Asked if he favored limits on what the media can say, he answered, “No. The press should speak more honestly.”
For Mr. Trump, attacks on what he calls the “fake news” industry have been one of the primary metiers of his presidency, a way to ventilate his deep sense of grievance over news coverage of his tenure while energizing a political base that itself is largely hostile to the mainstream media. At one point, he labeled some outlets “the enemy of the American people.”
Although the networks themselves do not hold federal licenses, their individual television stations do. His threat to target NBC drew immediate concerns that he was undermining the First Amendment.
“Broadcast licenses are a public trust,” said Tom Wheeler, who until January was chairman of the Federal Communications Commission, appointed by President Barack Obama. “They’re not a political toy, which is what he’s trying to do here.”
In suggesting that a broadcast network be targeted because of its coverage, Mr. Trump evoked the Watergate era, during which President Richard M. Nixon told advisers to make it difficult for The Washington Post to renew the F.C.C. license for a Florida television station it owned. A businessman with ties to Mr. Nixon filed paperwork to challenge The Post’s ownership of the station. The Justice Department under Mr. Nixon also filed antitrust charges against the three major television networks.

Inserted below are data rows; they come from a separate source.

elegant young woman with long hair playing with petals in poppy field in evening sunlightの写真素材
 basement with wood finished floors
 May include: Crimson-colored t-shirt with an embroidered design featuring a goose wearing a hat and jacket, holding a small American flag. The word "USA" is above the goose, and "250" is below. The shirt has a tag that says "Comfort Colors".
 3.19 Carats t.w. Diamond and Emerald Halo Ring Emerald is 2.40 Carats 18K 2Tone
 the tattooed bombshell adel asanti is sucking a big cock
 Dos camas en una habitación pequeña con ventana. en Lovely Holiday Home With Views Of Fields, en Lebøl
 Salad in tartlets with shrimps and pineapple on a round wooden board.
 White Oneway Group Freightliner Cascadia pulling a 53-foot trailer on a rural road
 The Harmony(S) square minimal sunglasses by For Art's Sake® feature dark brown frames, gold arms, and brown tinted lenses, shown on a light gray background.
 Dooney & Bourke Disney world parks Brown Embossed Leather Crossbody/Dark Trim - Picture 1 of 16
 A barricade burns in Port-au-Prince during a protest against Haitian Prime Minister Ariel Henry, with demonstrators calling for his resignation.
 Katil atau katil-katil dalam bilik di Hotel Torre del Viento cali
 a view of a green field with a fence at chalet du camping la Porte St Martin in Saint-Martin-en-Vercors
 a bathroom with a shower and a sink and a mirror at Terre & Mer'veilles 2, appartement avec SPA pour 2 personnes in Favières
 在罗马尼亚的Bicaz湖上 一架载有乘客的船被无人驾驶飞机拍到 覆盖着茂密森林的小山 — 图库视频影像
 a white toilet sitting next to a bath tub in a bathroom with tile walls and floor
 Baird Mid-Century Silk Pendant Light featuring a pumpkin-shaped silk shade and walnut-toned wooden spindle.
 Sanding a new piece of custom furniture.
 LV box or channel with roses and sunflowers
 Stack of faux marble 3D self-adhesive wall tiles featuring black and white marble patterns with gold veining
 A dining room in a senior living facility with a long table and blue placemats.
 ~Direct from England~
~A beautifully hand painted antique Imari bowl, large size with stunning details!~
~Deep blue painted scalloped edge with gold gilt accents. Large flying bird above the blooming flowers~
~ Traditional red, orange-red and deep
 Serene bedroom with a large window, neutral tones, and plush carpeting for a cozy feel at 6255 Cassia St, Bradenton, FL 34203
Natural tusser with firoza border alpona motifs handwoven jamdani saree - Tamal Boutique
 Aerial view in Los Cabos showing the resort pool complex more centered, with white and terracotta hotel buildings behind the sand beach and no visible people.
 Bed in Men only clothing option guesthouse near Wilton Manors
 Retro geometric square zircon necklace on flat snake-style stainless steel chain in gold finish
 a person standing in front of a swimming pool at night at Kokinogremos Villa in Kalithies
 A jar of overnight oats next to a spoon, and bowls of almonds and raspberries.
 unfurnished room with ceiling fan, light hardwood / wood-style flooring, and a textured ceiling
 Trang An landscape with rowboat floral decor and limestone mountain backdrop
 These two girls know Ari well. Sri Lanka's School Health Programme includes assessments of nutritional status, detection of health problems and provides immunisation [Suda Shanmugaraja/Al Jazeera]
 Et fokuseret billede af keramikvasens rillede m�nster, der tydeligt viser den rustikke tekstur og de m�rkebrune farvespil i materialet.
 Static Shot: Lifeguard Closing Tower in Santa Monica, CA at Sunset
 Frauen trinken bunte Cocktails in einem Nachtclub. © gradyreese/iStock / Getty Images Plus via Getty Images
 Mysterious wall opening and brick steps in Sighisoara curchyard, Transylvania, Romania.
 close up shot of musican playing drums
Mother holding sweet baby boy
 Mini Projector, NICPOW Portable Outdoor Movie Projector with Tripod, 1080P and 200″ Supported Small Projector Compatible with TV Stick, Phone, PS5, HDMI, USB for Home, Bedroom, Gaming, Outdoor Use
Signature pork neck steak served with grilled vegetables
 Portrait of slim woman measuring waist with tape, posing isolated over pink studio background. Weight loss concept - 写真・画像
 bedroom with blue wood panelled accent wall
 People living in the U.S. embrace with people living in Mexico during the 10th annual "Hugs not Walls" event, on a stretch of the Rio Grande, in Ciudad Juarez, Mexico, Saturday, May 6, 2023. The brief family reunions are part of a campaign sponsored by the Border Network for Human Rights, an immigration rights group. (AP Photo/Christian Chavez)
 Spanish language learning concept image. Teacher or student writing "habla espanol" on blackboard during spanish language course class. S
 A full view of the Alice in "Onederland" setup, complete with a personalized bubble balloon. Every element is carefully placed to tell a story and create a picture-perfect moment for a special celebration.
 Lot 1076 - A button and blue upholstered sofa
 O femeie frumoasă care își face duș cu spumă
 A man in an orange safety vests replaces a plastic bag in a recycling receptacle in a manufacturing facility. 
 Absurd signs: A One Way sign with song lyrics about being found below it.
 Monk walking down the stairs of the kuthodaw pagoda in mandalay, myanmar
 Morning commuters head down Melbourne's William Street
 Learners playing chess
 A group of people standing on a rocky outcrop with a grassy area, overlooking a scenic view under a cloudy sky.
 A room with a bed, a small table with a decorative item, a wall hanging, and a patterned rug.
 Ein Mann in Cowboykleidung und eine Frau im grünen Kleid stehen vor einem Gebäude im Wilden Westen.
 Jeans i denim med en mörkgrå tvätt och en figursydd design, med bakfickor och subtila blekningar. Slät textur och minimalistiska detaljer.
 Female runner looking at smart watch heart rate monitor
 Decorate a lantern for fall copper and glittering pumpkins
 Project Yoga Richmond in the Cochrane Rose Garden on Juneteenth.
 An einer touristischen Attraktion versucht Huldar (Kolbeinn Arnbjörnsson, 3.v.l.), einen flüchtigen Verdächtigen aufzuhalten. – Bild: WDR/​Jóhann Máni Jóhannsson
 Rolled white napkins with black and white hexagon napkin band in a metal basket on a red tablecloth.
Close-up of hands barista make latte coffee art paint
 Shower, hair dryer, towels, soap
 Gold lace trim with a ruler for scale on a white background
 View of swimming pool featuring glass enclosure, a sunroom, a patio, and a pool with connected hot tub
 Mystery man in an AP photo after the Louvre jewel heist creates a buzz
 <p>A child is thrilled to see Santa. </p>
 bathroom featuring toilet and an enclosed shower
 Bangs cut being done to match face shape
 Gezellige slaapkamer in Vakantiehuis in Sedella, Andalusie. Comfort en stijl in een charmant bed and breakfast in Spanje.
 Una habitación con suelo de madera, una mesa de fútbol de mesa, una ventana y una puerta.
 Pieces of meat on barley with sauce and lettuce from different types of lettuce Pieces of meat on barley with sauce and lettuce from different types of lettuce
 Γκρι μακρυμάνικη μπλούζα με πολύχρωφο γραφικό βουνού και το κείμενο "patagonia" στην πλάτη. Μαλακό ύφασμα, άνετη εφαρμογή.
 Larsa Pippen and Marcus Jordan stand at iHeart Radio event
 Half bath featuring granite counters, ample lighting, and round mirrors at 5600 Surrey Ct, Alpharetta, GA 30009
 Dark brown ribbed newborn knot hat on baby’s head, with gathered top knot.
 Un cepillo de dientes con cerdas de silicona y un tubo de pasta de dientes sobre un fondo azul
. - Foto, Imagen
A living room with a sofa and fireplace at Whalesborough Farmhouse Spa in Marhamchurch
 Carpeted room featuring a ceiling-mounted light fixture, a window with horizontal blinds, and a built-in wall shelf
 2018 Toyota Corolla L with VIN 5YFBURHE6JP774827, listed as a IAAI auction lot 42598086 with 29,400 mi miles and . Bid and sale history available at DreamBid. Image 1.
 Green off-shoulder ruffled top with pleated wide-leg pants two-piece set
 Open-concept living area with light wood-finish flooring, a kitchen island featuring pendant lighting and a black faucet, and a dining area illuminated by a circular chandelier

In Mr. Trump’s case, it may just be an idle threat, the sort of bluster that he has regularly used to keep perceived adversaries off balance. Just a day earlier, he suggested using federal tax law to punish the National Football League as part of his campaign against players who kneel during the national anthem, only to have a spokeswoman later say he was just making a point.
But Mr. Wheeler said it could also be taken as instruction to supporters who could act on his behalf. “This sounds to me like another dog whistle for folks to file against the license renewals,” he said. “Clearly it would be a bridge too far for the Trump F.C.C. to move on their own initiative. But if some conservative groups were to take this as their marching orders, it would be an interesting situation to see what the Trump F.C.C. did.”
Shortly after the tweets, Senator Edward J. Markey, a Democrat from Massachusetts, wrote a letter to Ajit Pai, the current F.C.C. chairman, urging him to protect First Amendment rights. “I ask for your commitment to resist the president’s request and call on you to publicly refuse to challenge the license of any broadcaster because the president dislikes its coverage,” Mr. Markey wrote.
Mr. Pai, who was designated chairman by Mr. Trump, did not respond to a request for comment about the president’s tweet, nor did the White House.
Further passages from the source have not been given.